Give back the data exactly, with no images.

AVAILABLE DATA:
»»

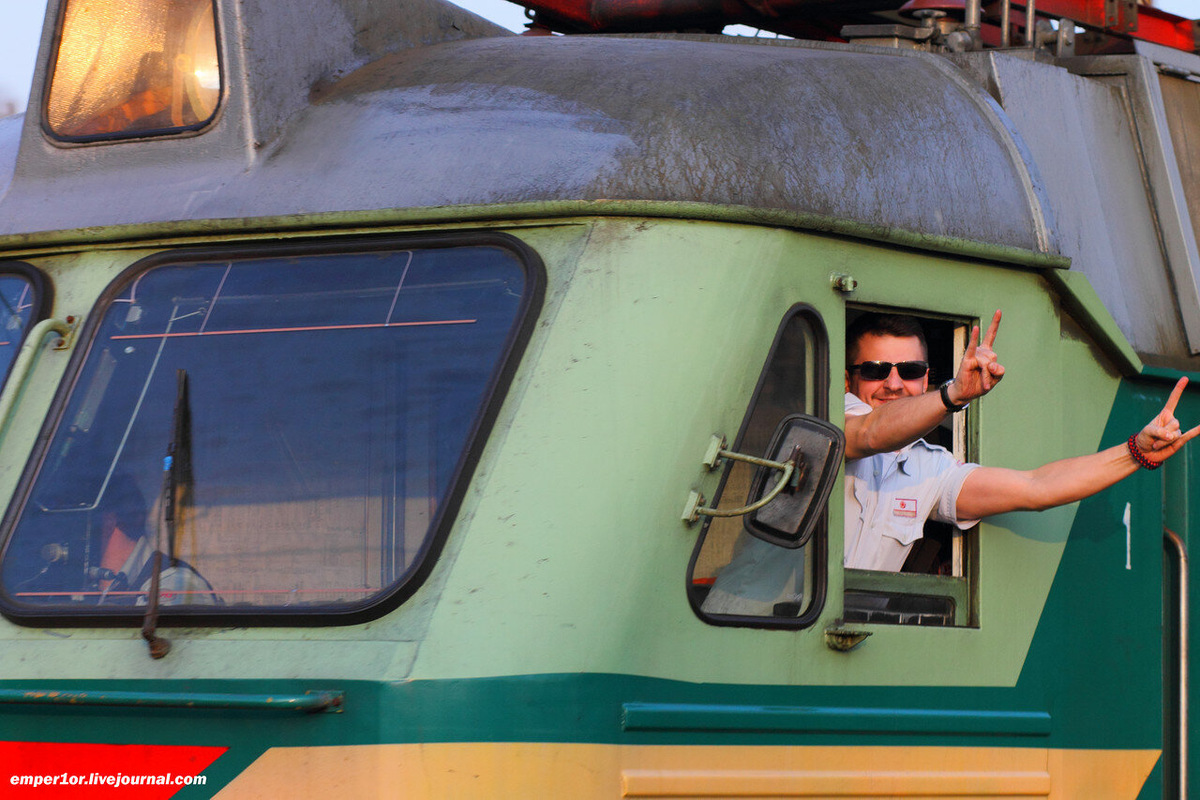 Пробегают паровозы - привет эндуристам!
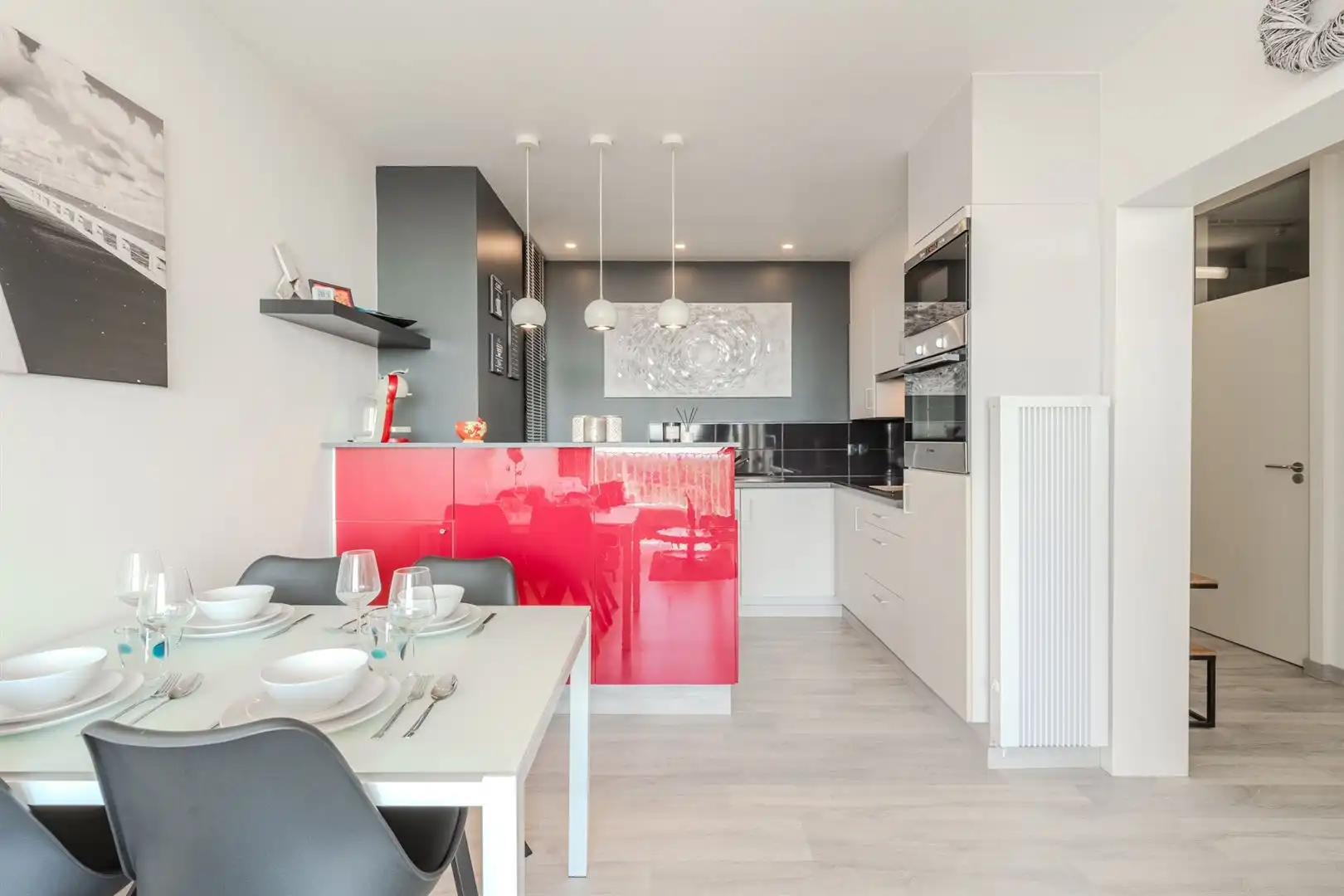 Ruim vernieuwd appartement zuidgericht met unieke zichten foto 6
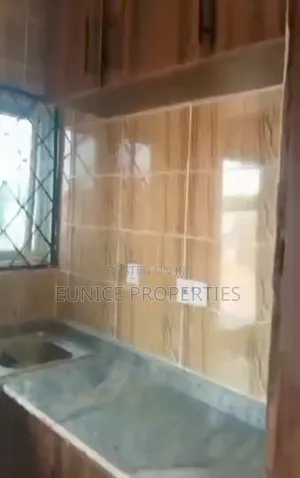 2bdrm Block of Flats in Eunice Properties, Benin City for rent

««

OUTPUT:
 Пробегают паровозы - привет эндуристам!
 Ruim vernieuwd appartement zuidgericht met unieke zichten foto 6
 2bdrm Block of Flats in Eunice Properties, Benin City for rent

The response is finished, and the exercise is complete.